This article appears in:
Study Tips, All, Future & Focus, Student Stories, Law, Alumni

Success is not determined by your past but by your own perseverance. Gabby Hill's story sure sounds like a Hollywood movie script, but we can assure you, it's real life. Gabby didn't have a chance to finish high school: as a disadvantaged youth, she found herself homeless. A few decades later, after having brought up her own children, she fulfilled her dream to pursue a degree in Law. Now she is ready for her graduation day and planning to go even further and do her Honours degree, all that while being an Indigenous mentor and a passionate human rights advocate.

Hear about her inspirational experience from the CDU alumnus herself.

Gabby Hill - Runner up in the NT Student Category at the Australian Institute of Management Awards 2017.jpg

Why did you choose CDU?

I am a Darwin resident and previously worked as Indigenous Remote Area Coordinator for Youth and Community Services Top End. I love remote work, especially with youth, and CDU offered the best opportunity to continue my career in this area.

What did you like most about studying with CDU?

The connections you make both on campus and off campus. The amazing support you receive from those studying with you and your lecturers is outstanding.
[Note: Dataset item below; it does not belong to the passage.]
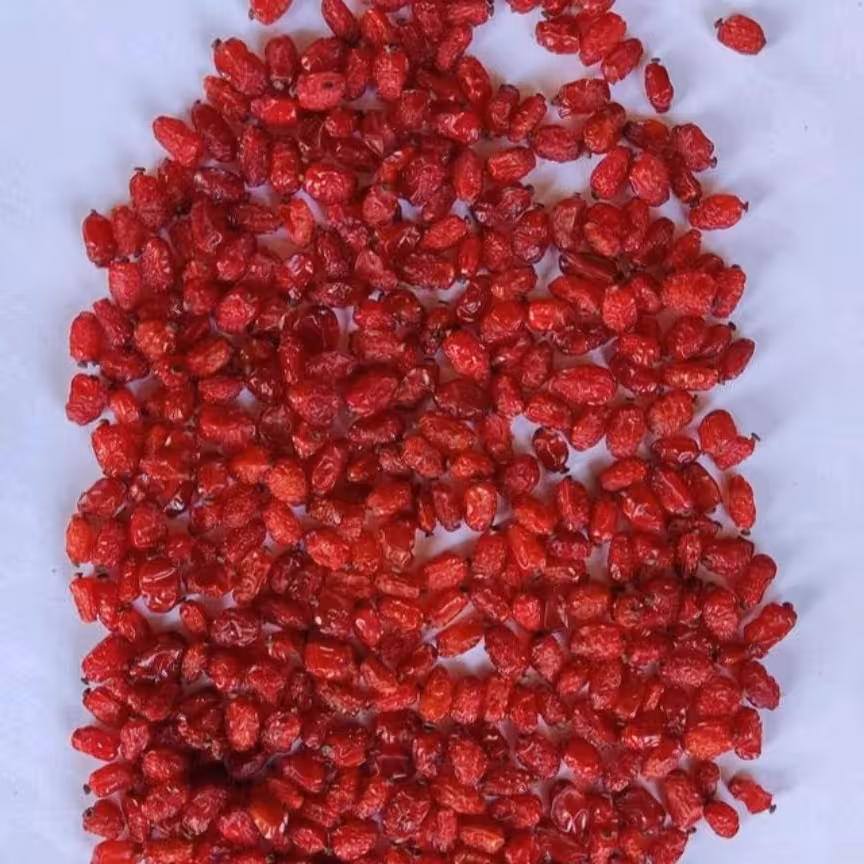 زرشک دانه اناری محصول امساله تمیز باکیفیت وقیمت مناسب، تضمین اصالت وسلامت، در بسته بندی بهداشتی وارسال فوری 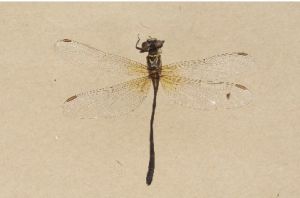 純鎏尖尾箭蜒 純鎏尖尾箭蜒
The programs for Indigenous students are second to none and offer opportunities such as the connection between the Bilata Legal Pathways Program for Indigenous law students and the ‘real’ legal world.

What do you do now?

I am continuing on to do my Bachelor of Law and hoping for the opportunity to do an Honours paper. Although my formal graduation is mid 2018, I have already gained casual employment with fantastic organisations such as North Australian Aboriginal Justice Agency (NAAJA) Bilata program, which has seen me travelling across the Top End talking with school youth about a career in Law.

I have been blessed to work with both the fabulous Felicity Gerry QC and John Lawrence SC. This allowed me to access practical knowledge of the inner workings of my chosen field of Indigenous human rights law.

I have met with leaders in our field, Leanne Liddle (Department of Public Prosecutions), Judge Jenny Blockland and Justice Michael Kirby, to name a few. These connections are invaluable to a legal student.

"Never give up, never give in. You are capable of more than you have ever dreamed of."

What advice would you give your younger self?

This question is difficult as I was homeless when I was 14 years of age, and only able to complete half of my Year 9 high school study. However, when my children were older I went back to education, gaining a Certificate IV in Youth Work/Social Work and Indigenous Primary Health Care. These were the catalysts that gained me entry into CDU.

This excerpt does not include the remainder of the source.